Task goal
From the entries, copy every line that carries the string "System".

Provided material
= Beginning of Section =
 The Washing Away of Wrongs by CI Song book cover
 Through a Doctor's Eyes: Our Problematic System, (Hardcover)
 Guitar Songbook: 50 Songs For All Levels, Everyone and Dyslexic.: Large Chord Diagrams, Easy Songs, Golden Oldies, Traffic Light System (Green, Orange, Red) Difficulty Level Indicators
= End of Section =
= Beginning of Section =
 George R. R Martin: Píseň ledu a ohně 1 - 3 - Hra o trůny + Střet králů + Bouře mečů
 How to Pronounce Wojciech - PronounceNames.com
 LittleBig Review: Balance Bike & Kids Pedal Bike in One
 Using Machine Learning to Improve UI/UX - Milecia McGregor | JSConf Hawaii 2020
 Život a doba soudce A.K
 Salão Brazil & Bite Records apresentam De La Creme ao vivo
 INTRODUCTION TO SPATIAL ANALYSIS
= End of Section =
Solved exercise
 Through a Doctor's Eyes: Our Problematic System, (Hardcover)
 Guitar Songbook: 50 Songs For All Levels, Everyone and Dyslexic.: Large Chord Diagrams, Easy Songs, Golden Oldies, Traffic Light System (Green, Orange, Red) Difficulty Level Indicators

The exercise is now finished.